Volodymyr Zhemchugov during an interrogation by the “LNR”. Photo: screenshot from video
Kremlin-backed militants demand amnesty, put hostage without arms or eyesight on trial

Heavily injured Ukrainian Volodymyr Zhemchugov has spent over 8 months as a hostage of the self-proclaimed “Luhansk People’s Republic” (“LNR”). Despite being in  heavy condition after an amputation of both arms and losing nearly all eyesight, his exchange together with 116 others provided by the Minsk peace plan is getting delayed indefinitely while “LNR” representatives attempt to strangle out an amnesty from international negotiations.

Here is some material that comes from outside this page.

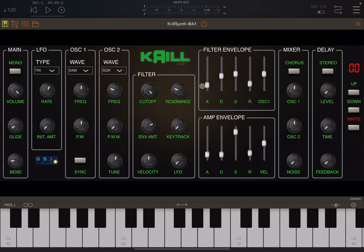It has two oscillators - oscillator number one and oscillator number two. You have an LFO and some main settings, filters, two envelopes for filter and amplitude, a mixer, and some effects in the form of delay. Let me start with the mixer. This is what it sounds like at the default preset settings.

Volodymyr Zhemchugov before captivity
Volodymyr Zhemchugov before sustaining injuries

On 28 September 2015, Volodymyr Zhemchugov got injured in an explosion in Donbas. He has now spent over 8 months imprisoned in the “LNR.” Kyiv claims that Volodymyr’s injuries were sustained after an accidental tripwire detonation. Meanwhile, the Russian-backed militants of the self-proclaimed republic are accusing the man with amputated arms, multiple injuries, and no eyesight, of carrying out acts of sabotage on behalf of the Ukrainian army.

Elena Zhemchugova, Volodymyr’s wife, tells how she found out about her husband’s misfortune in an interview to “Policemen” of the “LNR” phoned her on 29 September 2015, while she was in Georgia, asking questions about what could have happened, whether her husband was a businessman, and told that he was given a grenade. “They didn’t say everything, and I kept wondering whether it was all really true,” she recalled. All the relatives she asked to visit her husband were not allowed to enter the hospital and were later interrogated. Why? “Volodymyr was quite patriotic, and could have expressed his ideas when he was there,” she guesses.  

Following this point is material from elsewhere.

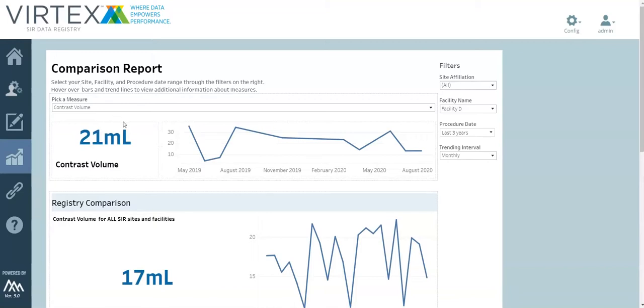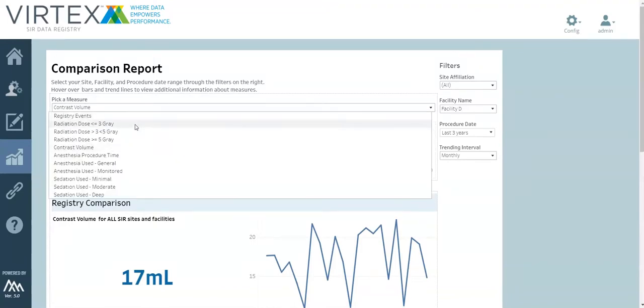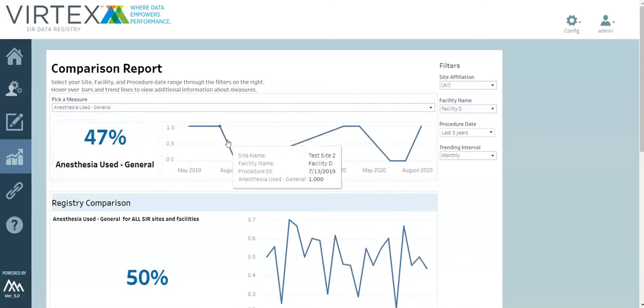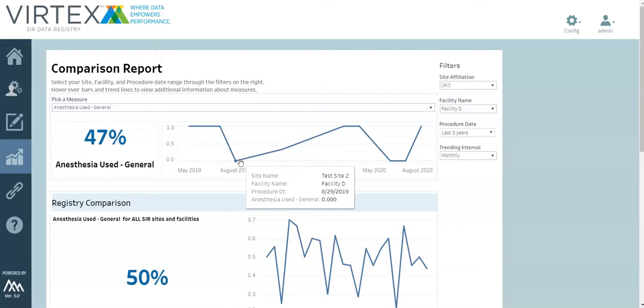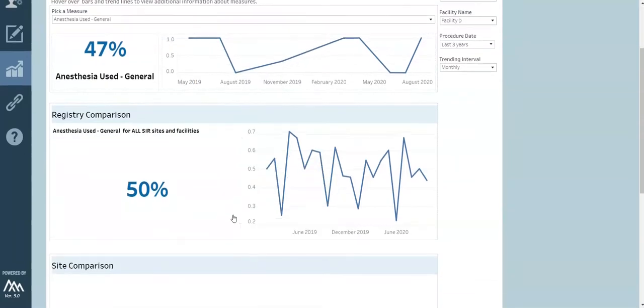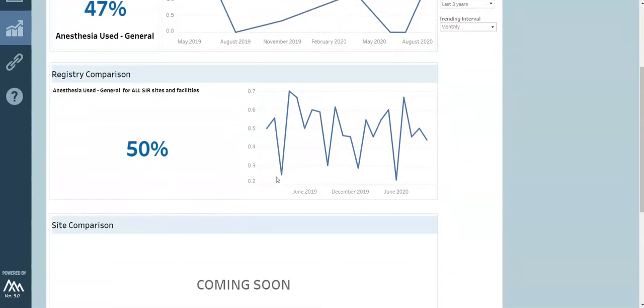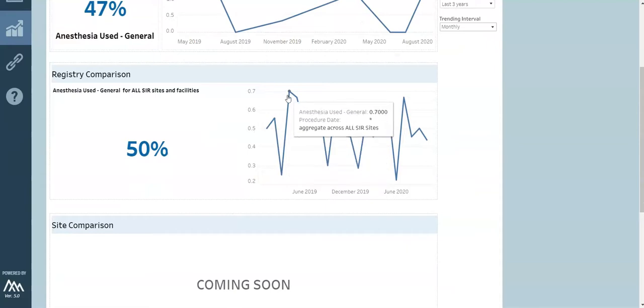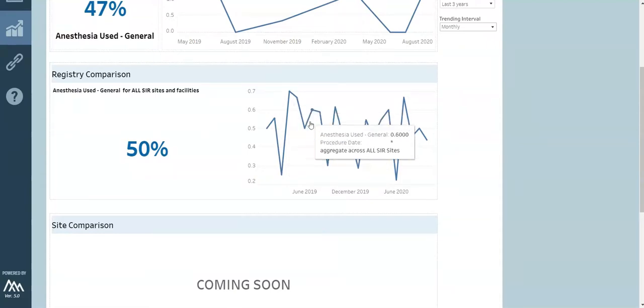Next, we'll turn to the comparison report. This report is especially helpful when benchmarking against other sites and facilities. You can select your measure of interest and see it trended over time. Below, you'll see how your site compares to all SIR sites and facilities. Additional site and provider comparisons will be coming soon.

Volodymyr made trips to his native Krasnyi Luch in the Luhansk Oblast from Georgia. When the war in Donbas started, he transported his elderly mother away to Kyiv, and continued to help his friends – brought them money, food, and medicine, helped them leave the occupied territories.   

“We lived through the 2008 war in Georgia and [Russia’s] annexation of South Ossetia, understanding that the same will happen to Donbas. It would be the next Transnistria. When we came to Luhansk in 2014, the SBU building was already seized. From all sides, people were saying ‘Russia will help us.” […] Volodymyr was very distressed about it all,” Elena told.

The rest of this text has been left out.